Kierstead: Der Produktionsprozess ist über meinem technischen Verständnis. Im Allgemeinen ist der Unterschied zwischen Silizium und Siliziumkarbid der, dass Silizium geschmolzen wird und aus dem Silizium-Einguss der Wafer entsteht. Der Prozess ist relativ einfach und findet bei vergleichsweise niedrigen Temperaturen statt. Da Siliziumkarbid nahe am Diamanten liegt, kann dieser Produktionsprozess hier nicht verwendet werden. Man muss ein Rekondensat aus verschiedenen Siliziumkarbid-Materialien auf einem Keimkristall herstellen. Es ist ein Prozess, der unter unverstellbar hohen Temperaturen unter verschiedenen Atmosphären und Drücken stattfindet. Aber wie der Prozess wirklich abläuft, das wissen nur sehr wenige Leute bei Cree.
Wird Siliziumkarbid ein Massengeschäft?
Kierstead: Das ist eine gute Frage. Siliziumkarbid wird die Kosten von Silizium nie unterschreiten. Es ist vielschichtiger: Siliziumkarbid hat viel bessere Leistungsmerkmale als Silizium. Allein aufgrund der Materialqualität lassen sich mit Siliziumkarbid höhere Leistungsdichten realisieren. Das heißt, bei derselben Spannung und Stromstärke kann man eine viel kleinere Diode einsetzen als dies mit Silizium der Fall wäre. So schließt sich die Kostenlücke über die Leistung wieder.

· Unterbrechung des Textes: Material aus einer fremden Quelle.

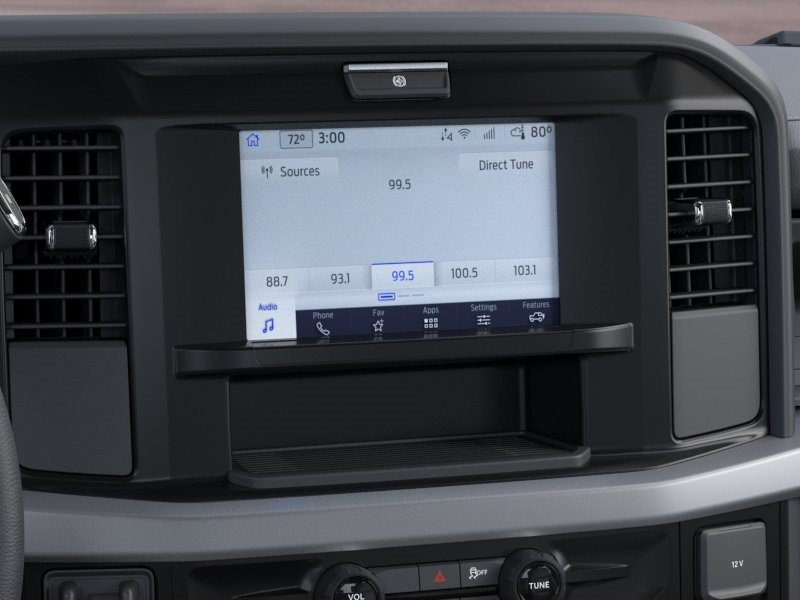 New 2026 Ford F550 4x4 Crew Cab image 17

Betrachtet man die Einschränkungen in Hochspannungs-Applika-tionen mit Silizium: Das Produkt ist stark verlustbehaftet, vor allem bei Schaltungen. Außerdem ist die Frequenz stark begrenzt - auch durch die Hitzeentwicklung. Wird jedoch die Frequenz maßgeblich erhöht, können magnetische Komponenten, Kondensatoren und EMI-Filter, die für den Systemlauf benötigt werden, verkleinert werden. Die Systemkosten sinken. Ein weiterer Vorteil liegt in der Temperaturbeständigkeit: Siliziumkarbid kann höhere Temperaturen als Silizium bewältigen.

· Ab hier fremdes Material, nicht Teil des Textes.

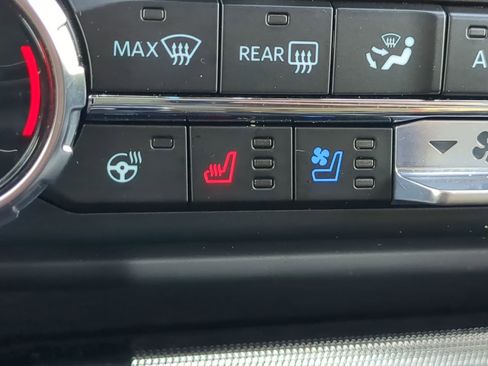 Certified 2025 Ford F150 Lariat w/ Equipment Group 501A Mid image 21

Von welchen Temperaturen ist hier die Rede?
Kierstead: Gewöhnlich sind Bauteile aus Silizium auf 125 °C beschränkt. Einige Ausnahmen können auch etwas mehr bewältigen. Siliziumkarbid-Bauteile sind jedoch im Bereich von 175 °C angesiedelt - allerdings nur aufgrund der Plastik-Gehäuse. Wir arbeiten gerade an neuen Gehäusen, so dass auch Temperaturen von mehr als 200 °C kein Hindernis mehr darstellen. Der Vorteil: Der Anwender kann beim Kühlsystem sparen.
Wie sieht die Roadmap für Siliziumkarbid bis 2015 aus?
Kierstead: Bis zum Jahr 2015 wird das Hauptaugenmerk sicher auf Schaltern liegen. Im Moment kommt der Erlös im Siliziumkarbid-Bereich noch aus dem Bereich der Dioden. Aber um wirklich gute Ergebnisse zu erzielen, benötigt man Schalter. Außerdem werden wir die Entwicklung von MOSFETs vorantreiben: Zuerst werden wir einen DMOSFET mit 1200 Volt, später einen mit 1700 Volt auf den Markt bringen. Sieht man über 2012 hinaus, ist der nächste Schritt ein Siliziumkarbid-MOSFET mit 3,3 kV; die Serie wird sich über den ganzen Bereich bis zu 10-kV-Versionen erstrecken. Die Roadmap sieht also größere und leistungsstärkere Produkte im Bereich der Schalter und Dioden vor.
Wie wird sich Galliumnitrid weiterentwickeln?
Kierstead: Ich denke, Galliumnitrid wird sich ähnlich im Bereich von Schaltern und Dioden entwickeln, allerdings im niedrigeren Spannungsbereich von 20 bis 400 Volt. Ich weiß, dass mit Galliumnitrid der Bereich um 600 V angesteuert wird, aber ich denke, Siliziumkarbid ist in diesem Bereich bereits besser.